→ STORED DATA
============================================================

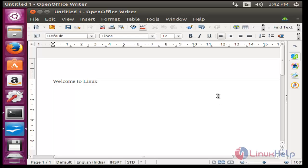So this is the easy way to install OpenOffice in Ubuntu 15.10. That's all about this tutorial. Thank you for watching.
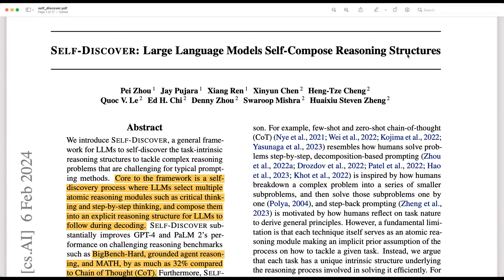Hello everyone, this is Ravi Teja, Developer Advocate Engineer at Lama Index. In this video, we'll look into implementing a recent paper called Self-Discover: Large Language Models Self-Composed Reasoning Structures as a Lama Pack. So let's start with understanding the approach and what this paper is about.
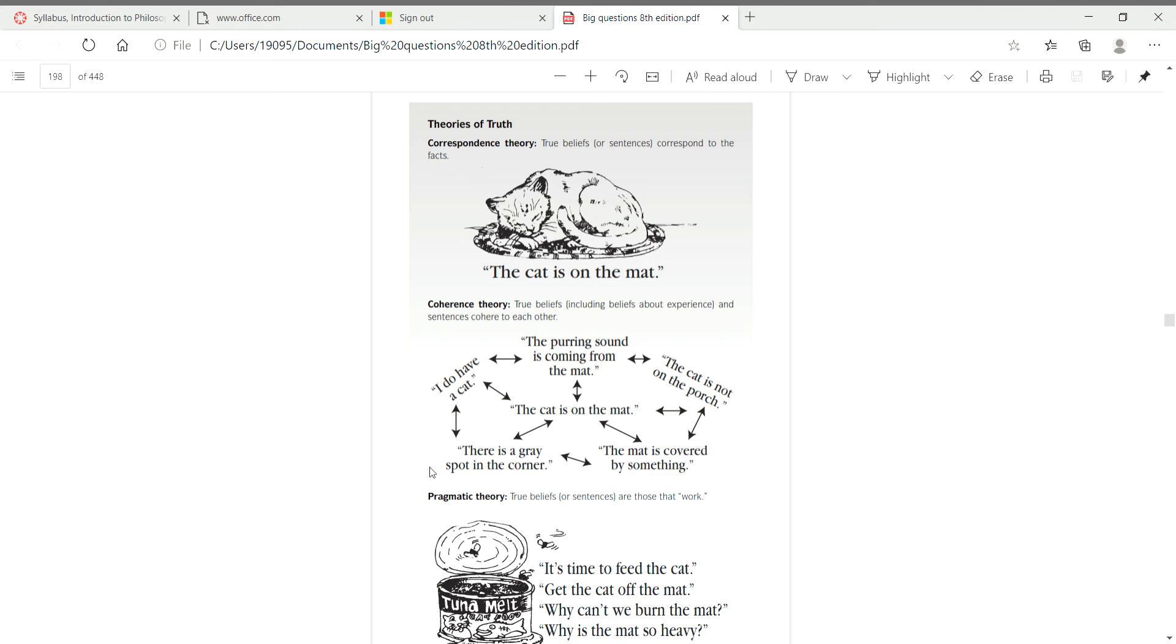And then the purring sound is coming from the mat. Oh, that doesn't cohere well because the dog doesn't purr, but the cat does. And so that is how that type of theory for truth sort of functions by coherence. Now, so part of the question asks, would these two complement each other or compete with each other? And that's something that I want you to attempt to answer after reading the chapter, and then we can discuss it.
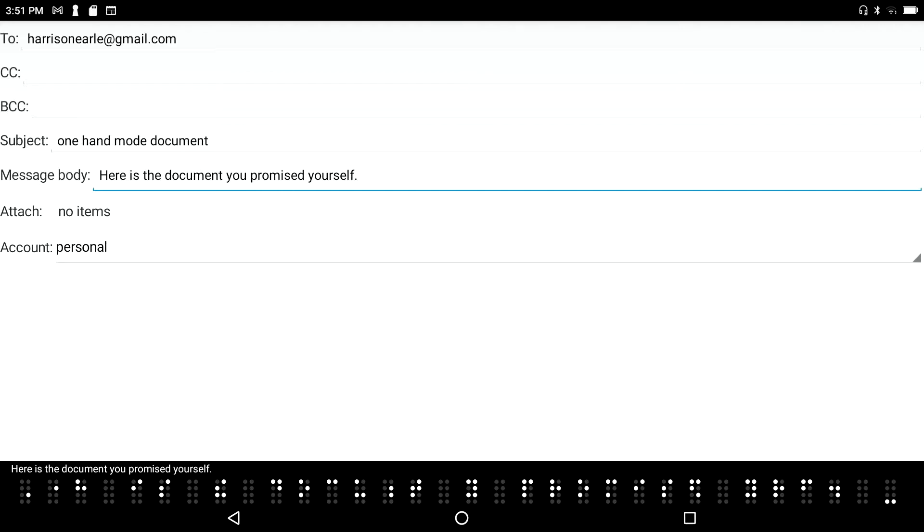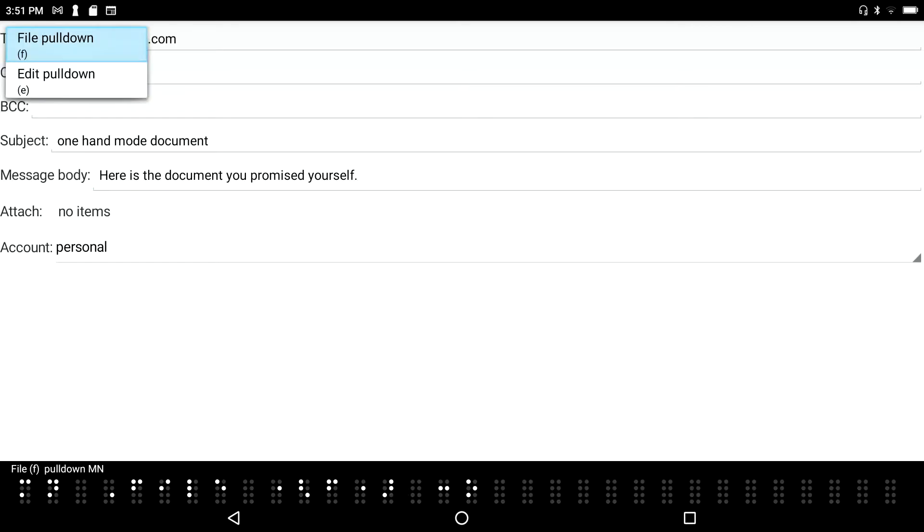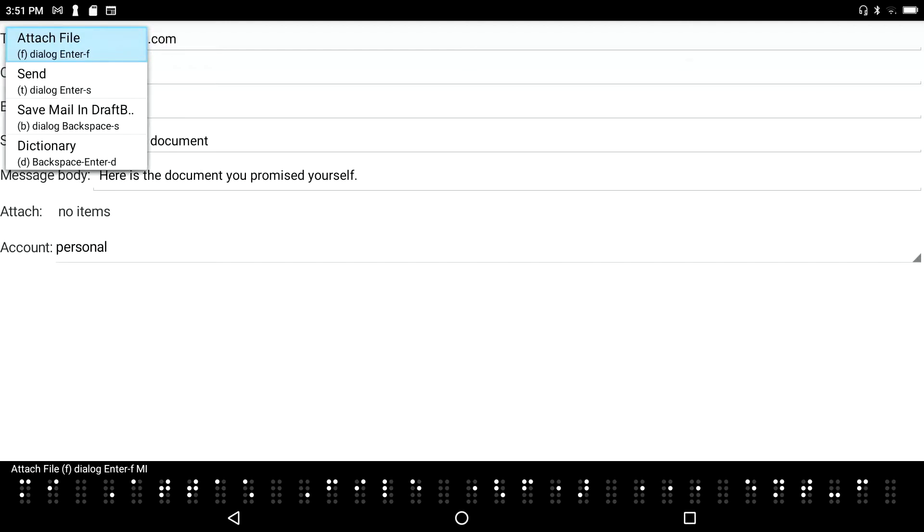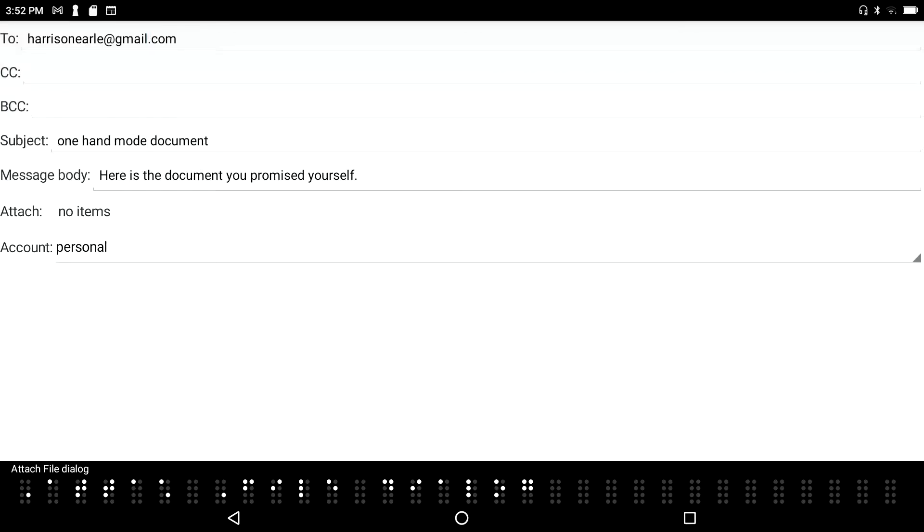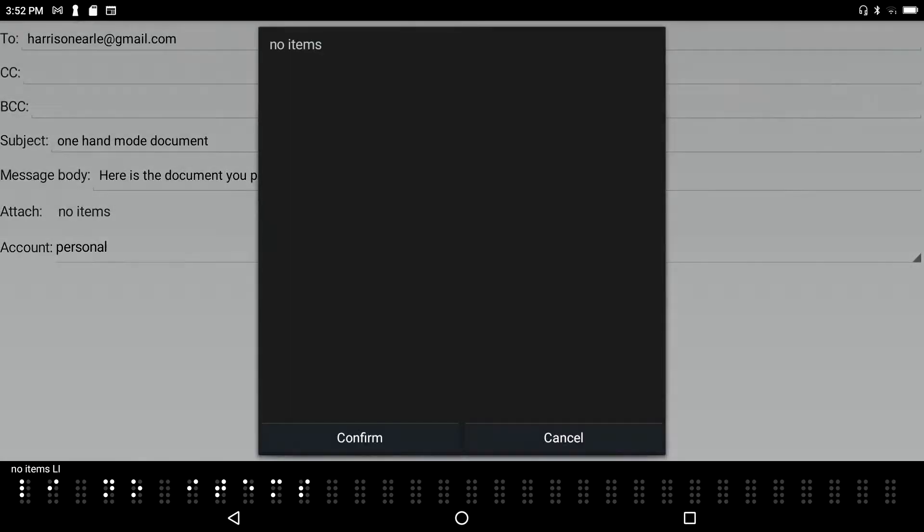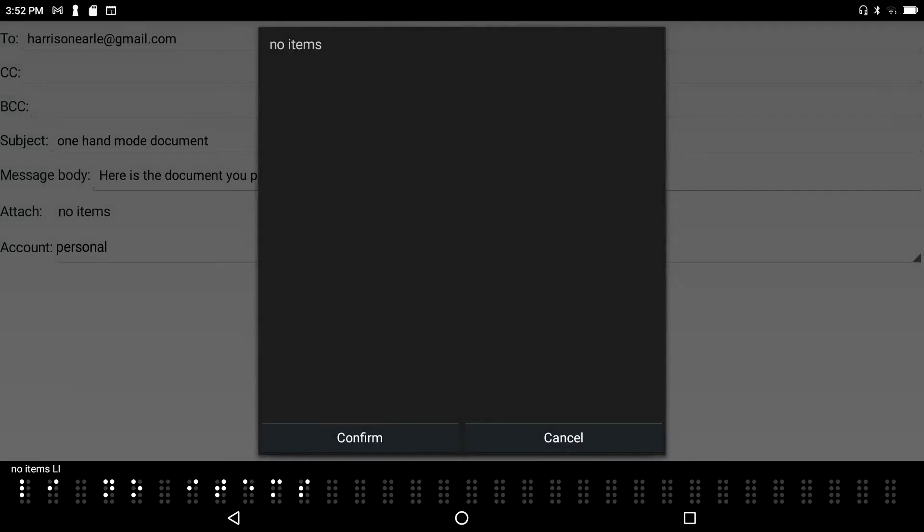And now I'm going to press F2 because, remember, that's the key to get into the menu system for the application I'm in. File F, pull down menu. Which, of course, is the email client. I'll press enter on the file pull down menu and the very first option is to attach a file so I'll go ahead and do that.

============================================================

→ THE PROBLEM
When you restate the listing above, give each line word for word but leave out every image.

→ OUTPUT FOR THIS TASK
So this is the easy way to install OpenOffice in Ubuntu 15.10. That's all about this tutorial. Thank you for watching.
Hello everyone, this is Ravi Teja, Developer Advocate Engineer at Lama Index. In this video, we'll look into implementing a recent paper called Self-Discover: Large Language Models Self-Composed Reasoning Structures as a Lama Pack. So let's start with understanding the approach and what this paper is about.
And then the purring sound is coming from the mat. Oh, that doesn't cohere well because the dog doesn't purr, but the cat does. And so that is how that type of theory for truth sort of functions by coherence. Now, so part of the question asks, would these two complement each other or compete with each other? And that's something that I want you to attempt to answer after reading the chapter, and then we can discuss it.
And now I'm going to press F2 because, remember, that's the key to get into the menu system for the application I'm in. File F, pull down menu. Which, of course, is the email client. I'll press enter on the file pull down menu and the very first option is to attach a file so I'll go ahead and do that.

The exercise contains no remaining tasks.